Una conferma  sia pure indiretta  della inapplicabilità della riparazione pecuniaria in entrambe le ipotesi di patteggiamento si trae dall’art. 444, comma 1-ter, CPP  introdotto con la stessa L. 69/2015, che ha previsto l’art. 322-quater , là dove, nei procedimenti per i reati contro la pubblica amministrazione contemplati da tale disposizione, ha subordinato expressis verbis l’ammissibilità della richiesta di applicazione della pena "alla restituzione integrale de/prezzo o de/profitto de/reato". Con ciò, senza fare alcuna menzione  né quale condizione, né quale effetto ulteriore  alla riparazione pecuniaria in favore dell’amministrazione lesa dalla condotta del pubblico agente, fra l’altro, anch’essa commisurata "al prezzo o al profitto del reato" (in eventuale aggiunta al risarcimento del danno).

Non può allora sfuggire l’irragionevolezza di un’ermeneusi della norma che - nonostante l’assenza di una previsione espressa dell’applicabilità della riparazione pecuniaria anche in caso di sentenza ex art. 444 CPP (nella forma ordinaria o c.d. allargata) - comportasse l’assoggettamento dell’imputato di taluno dei reati rientranti nel catalogo di cui all’art. 322-quater, il quale intendesse appunto definire la propria posizione processuale con il patteggiamento, al doppio versamento di una somma eguale nel tantundem (pari appunto al prezzo o al profitto del reato), sia pure a titolo diverso (restitutorio e riparatorio). Ad ogni modo, stante la già rilevata non univocità della disposizione in oggetto quanto all’applicabilità della riparazione pecuniaria in caso di patteggiamento, non può non farsi ricorso al canone interpretativo generale in materia penale, alla stregua del quale non può che essere privilegiata, fra due possibili opzioni, l’interpretazione in favor rei.

Conclusivamente, deve essere affermato il principio di diritto secondo il quale, in tema di reati contro la pubblica amministrazione, il patteggiamento di una pena detentiva anche nella forma c.d. allargata preclude l’applicazione della riparazione pecuniaria di cui all’art. 322-quater, presupponendo essa la pronuncia di una sentenza di "condanna" propriamente detta, cioè resa a seguito di rito ordinario o abbreviato (Sez. 6, 12541/2019).

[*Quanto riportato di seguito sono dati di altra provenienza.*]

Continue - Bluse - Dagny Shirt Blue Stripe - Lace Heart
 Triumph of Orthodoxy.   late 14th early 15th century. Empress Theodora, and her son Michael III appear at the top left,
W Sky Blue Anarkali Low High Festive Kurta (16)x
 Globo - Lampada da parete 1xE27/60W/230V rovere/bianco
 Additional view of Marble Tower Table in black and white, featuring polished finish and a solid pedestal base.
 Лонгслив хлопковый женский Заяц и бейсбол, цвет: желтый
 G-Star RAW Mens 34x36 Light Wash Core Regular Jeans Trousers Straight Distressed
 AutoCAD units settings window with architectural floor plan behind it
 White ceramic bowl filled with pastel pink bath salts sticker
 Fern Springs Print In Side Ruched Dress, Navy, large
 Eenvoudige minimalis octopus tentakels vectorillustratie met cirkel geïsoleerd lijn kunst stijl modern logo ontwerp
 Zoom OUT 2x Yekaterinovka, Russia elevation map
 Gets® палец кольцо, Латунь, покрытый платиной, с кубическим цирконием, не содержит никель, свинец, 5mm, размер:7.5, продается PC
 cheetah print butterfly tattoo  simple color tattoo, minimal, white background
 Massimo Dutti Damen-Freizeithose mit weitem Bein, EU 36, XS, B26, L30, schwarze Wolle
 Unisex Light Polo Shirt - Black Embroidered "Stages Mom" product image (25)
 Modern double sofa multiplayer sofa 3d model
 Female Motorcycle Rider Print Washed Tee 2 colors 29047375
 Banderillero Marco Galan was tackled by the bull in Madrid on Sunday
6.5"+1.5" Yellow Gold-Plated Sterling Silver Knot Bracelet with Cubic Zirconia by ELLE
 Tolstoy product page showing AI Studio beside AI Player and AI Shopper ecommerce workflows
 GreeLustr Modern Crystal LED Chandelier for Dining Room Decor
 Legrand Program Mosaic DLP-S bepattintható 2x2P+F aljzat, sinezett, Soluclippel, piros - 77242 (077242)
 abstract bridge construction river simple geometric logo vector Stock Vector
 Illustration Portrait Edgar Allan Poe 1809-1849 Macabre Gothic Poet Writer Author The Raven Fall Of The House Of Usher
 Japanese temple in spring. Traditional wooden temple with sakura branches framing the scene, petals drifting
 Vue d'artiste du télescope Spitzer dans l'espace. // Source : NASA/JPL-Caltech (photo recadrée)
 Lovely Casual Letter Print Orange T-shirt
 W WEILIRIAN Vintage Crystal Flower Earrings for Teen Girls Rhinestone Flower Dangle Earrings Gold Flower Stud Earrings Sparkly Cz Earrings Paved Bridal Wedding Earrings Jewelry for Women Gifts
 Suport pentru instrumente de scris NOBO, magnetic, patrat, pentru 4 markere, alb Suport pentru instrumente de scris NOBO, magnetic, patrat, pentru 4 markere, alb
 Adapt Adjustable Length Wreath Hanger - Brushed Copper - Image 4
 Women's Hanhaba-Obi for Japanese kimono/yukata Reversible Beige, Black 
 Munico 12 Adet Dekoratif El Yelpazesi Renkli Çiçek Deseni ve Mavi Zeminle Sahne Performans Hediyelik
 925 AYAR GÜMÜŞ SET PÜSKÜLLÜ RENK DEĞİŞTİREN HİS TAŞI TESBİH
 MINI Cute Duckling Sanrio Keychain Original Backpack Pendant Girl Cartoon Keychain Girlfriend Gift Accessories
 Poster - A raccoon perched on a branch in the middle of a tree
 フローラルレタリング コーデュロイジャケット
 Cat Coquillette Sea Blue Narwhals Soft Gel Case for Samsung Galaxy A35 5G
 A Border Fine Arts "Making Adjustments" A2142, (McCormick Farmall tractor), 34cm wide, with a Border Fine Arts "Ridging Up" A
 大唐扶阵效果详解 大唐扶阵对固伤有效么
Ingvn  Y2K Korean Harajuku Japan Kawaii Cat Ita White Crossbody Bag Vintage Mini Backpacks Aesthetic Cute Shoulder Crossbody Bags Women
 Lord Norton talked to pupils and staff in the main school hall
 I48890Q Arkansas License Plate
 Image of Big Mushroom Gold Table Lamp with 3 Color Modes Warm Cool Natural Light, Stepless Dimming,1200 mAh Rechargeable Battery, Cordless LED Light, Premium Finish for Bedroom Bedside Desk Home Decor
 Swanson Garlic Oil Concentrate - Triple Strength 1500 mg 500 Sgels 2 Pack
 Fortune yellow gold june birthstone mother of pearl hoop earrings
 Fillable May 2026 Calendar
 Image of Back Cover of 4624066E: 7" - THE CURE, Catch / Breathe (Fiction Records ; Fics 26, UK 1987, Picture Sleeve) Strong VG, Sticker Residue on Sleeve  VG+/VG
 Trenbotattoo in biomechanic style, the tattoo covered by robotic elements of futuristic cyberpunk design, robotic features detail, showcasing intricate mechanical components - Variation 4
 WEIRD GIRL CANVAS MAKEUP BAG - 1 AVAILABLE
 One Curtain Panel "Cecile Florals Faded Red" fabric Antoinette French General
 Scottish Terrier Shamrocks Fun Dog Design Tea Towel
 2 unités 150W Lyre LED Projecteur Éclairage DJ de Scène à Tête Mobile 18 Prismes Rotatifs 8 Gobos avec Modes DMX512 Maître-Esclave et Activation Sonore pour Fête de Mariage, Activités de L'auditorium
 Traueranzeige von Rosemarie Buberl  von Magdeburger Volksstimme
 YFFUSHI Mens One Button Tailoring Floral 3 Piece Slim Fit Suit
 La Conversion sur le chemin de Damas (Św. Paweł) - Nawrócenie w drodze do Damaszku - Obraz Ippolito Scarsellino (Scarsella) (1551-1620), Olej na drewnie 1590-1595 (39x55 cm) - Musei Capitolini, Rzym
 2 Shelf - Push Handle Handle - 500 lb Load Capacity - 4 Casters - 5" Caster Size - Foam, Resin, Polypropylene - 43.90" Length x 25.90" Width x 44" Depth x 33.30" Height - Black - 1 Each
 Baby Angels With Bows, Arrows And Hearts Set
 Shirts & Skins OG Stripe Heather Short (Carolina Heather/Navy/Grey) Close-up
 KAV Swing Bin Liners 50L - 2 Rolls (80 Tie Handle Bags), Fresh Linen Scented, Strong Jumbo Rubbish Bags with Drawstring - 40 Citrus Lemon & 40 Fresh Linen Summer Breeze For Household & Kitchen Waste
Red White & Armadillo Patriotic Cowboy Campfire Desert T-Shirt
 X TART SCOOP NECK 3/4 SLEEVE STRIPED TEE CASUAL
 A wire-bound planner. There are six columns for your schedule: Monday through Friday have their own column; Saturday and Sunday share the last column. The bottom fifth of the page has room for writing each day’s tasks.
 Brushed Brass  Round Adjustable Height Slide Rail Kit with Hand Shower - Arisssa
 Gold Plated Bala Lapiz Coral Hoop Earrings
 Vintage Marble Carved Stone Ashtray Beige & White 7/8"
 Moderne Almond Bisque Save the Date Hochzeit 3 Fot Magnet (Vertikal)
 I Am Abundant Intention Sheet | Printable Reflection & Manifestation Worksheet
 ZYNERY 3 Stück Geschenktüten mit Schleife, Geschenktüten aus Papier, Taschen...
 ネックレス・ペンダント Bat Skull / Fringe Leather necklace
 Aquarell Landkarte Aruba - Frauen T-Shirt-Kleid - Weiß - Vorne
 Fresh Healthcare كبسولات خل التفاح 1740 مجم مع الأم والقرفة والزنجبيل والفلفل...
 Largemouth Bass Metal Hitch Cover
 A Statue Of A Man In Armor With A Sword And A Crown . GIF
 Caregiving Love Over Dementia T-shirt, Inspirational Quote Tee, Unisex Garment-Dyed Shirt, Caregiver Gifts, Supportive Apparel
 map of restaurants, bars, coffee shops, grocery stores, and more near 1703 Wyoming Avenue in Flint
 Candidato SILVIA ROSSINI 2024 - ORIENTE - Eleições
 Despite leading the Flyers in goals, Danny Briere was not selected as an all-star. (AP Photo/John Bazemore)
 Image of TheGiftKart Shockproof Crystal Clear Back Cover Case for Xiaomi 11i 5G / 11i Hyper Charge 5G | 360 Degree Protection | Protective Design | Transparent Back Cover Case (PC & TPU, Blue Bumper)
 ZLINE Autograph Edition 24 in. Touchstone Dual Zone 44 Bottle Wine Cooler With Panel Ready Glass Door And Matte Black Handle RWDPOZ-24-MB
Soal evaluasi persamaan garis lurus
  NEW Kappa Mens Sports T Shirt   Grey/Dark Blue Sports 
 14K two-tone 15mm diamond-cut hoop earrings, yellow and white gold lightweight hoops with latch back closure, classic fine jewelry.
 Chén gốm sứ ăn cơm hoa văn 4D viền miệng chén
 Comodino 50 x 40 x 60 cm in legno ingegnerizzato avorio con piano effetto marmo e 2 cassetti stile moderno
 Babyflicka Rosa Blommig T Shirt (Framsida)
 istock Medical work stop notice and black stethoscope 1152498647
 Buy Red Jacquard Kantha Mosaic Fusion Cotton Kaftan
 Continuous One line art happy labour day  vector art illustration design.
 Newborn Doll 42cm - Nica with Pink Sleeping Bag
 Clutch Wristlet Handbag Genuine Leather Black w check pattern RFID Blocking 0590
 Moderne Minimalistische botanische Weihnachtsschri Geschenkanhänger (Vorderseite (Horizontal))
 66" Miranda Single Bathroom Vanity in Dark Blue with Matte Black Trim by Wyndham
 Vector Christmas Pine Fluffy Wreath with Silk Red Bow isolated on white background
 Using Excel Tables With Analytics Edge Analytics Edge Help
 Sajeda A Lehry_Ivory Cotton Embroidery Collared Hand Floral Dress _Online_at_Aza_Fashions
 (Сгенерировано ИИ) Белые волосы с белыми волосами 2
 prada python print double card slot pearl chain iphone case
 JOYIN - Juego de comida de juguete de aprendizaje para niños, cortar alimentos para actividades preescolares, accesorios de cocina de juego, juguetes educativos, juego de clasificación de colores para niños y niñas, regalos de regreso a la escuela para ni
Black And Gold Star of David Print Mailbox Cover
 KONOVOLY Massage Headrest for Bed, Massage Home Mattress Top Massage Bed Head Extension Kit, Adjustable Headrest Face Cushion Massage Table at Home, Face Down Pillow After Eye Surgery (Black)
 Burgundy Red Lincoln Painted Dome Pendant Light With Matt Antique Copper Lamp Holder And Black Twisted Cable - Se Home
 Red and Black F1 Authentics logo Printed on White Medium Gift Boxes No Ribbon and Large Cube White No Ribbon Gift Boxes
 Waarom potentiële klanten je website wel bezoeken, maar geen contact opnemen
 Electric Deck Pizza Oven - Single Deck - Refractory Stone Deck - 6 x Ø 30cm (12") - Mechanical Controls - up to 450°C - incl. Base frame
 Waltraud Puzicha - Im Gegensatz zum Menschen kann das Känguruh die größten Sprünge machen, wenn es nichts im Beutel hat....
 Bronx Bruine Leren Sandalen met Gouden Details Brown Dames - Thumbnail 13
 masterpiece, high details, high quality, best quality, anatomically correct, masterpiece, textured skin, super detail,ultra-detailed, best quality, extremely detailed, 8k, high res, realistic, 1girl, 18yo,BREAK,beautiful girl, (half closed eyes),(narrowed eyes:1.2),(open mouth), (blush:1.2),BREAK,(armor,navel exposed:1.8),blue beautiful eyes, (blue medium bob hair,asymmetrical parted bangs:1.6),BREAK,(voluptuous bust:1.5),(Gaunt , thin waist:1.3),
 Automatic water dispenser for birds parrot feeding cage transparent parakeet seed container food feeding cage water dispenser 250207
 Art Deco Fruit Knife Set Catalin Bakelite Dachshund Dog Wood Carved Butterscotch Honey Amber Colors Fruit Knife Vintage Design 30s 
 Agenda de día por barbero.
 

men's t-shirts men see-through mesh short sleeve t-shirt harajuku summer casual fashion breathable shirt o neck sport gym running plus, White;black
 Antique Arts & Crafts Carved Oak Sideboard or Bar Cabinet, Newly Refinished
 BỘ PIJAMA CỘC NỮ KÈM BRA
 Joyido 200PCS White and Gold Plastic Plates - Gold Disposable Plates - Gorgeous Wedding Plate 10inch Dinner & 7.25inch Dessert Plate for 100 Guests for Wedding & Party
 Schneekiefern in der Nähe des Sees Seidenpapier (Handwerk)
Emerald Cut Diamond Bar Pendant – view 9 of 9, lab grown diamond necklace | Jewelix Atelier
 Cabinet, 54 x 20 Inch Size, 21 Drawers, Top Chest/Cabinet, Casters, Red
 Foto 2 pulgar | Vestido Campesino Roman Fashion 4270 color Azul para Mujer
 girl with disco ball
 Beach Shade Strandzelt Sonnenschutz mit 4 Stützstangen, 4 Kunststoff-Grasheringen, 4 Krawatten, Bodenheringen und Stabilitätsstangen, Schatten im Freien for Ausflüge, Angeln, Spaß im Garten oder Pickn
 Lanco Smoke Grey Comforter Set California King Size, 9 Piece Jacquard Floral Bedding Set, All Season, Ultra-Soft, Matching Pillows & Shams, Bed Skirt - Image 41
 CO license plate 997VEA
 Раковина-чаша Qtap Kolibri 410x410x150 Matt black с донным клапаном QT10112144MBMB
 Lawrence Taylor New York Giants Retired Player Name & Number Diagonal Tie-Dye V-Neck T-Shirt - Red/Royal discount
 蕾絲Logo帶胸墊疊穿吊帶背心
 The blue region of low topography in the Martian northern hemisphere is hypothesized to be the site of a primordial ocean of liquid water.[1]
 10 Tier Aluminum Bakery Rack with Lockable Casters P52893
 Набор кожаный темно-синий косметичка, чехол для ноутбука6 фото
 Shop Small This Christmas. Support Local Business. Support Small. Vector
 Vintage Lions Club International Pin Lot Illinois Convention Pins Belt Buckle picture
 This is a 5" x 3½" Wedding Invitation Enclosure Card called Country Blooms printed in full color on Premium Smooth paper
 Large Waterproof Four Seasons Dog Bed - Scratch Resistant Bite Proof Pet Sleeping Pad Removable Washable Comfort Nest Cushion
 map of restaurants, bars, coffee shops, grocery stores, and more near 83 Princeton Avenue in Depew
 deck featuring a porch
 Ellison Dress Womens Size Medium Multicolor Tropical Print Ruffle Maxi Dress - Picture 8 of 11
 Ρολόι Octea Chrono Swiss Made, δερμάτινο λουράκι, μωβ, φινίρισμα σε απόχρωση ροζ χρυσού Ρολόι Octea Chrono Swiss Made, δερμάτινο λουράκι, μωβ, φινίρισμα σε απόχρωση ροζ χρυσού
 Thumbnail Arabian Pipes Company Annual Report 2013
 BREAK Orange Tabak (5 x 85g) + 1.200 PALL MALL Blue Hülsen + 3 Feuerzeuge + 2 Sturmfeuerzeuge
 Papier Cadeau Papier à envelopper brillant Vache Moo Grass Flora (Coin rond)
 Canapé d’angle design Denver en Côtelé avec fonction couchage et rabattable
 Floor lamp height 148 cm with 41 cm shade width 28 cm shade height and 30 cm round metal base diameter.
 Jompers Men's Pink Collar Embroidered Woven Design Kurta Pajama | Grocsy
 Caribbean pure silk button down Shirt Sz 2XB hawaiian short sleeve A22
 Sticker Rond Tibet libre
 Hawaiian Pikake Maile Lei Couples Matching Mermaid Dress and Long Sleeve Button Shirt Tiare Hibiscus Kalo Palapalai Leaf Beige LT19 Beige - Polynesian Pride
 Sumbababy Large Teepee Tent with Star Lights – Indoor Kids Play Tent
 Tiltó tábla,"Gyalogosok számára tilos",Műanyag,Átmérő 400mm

L’art. 322-quater, il quale dispone che la sentenza di condanna per il reato previsto dall’art. 319-quater ordini il pagamento di una somma pari all’ammontare di quanto indebitamente ricevuto dal pubblico ufficiale o dall’incaricato di un pubblico servizio a titolo di riparazione pecuniaria in favore dell’amministrazione cui il pubblico ufficiale o l’incaricato di un pubblico servizio appartiene, lascia impregiudicato il diritto al risarcimento del danno (Sez. 6, 40558/2017).

Le condotte previste dall’art. 165, comma quarto, a titolo di riparazione pecuniaria in favore della pubblica amministrazione lesa dalla condotta del pubblico ufficiale o dell’incaricato di pubblico servizio, in quanto specificamente previste per l’acceso al beneficio e quindi, funzionali all’estinzione del reato alle condizioni di cui all’art. 167, si collocano su di un piano prettamente sostanziale e non processuale, con conseguente inapplicabilità della relativa disposizione a fatti commessi prima della sua entrata in vigore (Sez. 6, 26873/2017).